GIVEN DATA
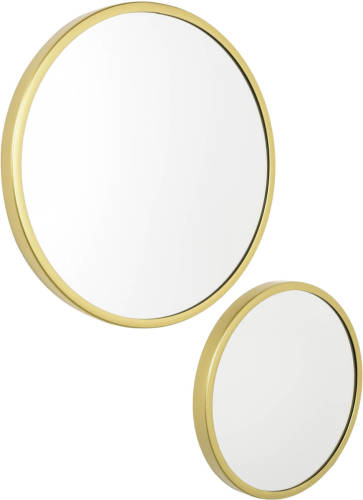 Loft42 Mirror Spiegels Rond Goud Set Van 2 - Metaal - Ø45 & Ø35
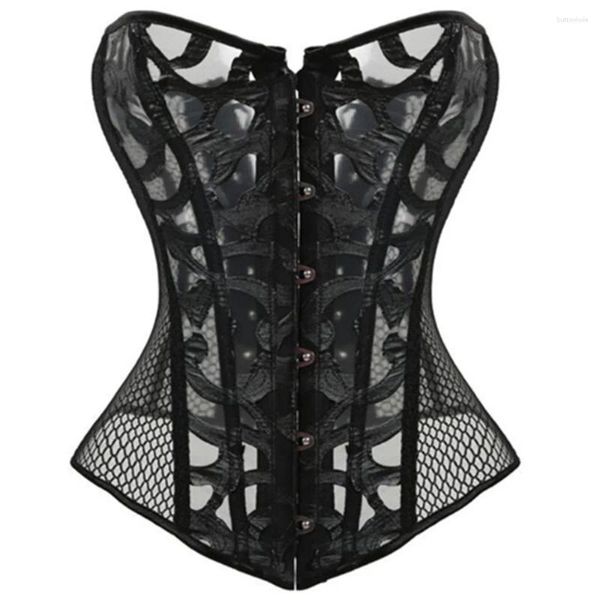 Bustiers Korsetts Sexy Burlesque Damen Kostüm Mesh Druck Korsett Bustier Taille Cincher Top Knochen Überbrust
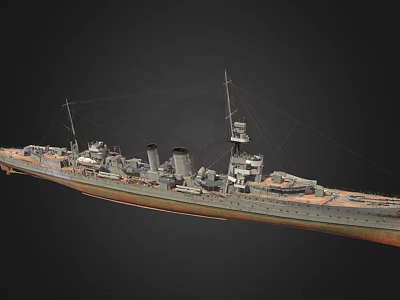 Vintage Warship With Deck Guns Multiple Chimneys Masts And Metal Hull Structure 3d model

EXERCISE
Output precisely the lines in the material above from the line containing "Bustiers Korsetts Sexy" through its last line, and omit pictures.

YOUR SOLUTION
 Bustiers Korsetts Sexy Burlesque Damen Kostüm Mesh Druck Korsett Bustier Taille Cincher Top Knochen Überbrust
 Vintage Warship With Deck Guns Multiple Chimneys Masts And Metal Hull Structure 3d model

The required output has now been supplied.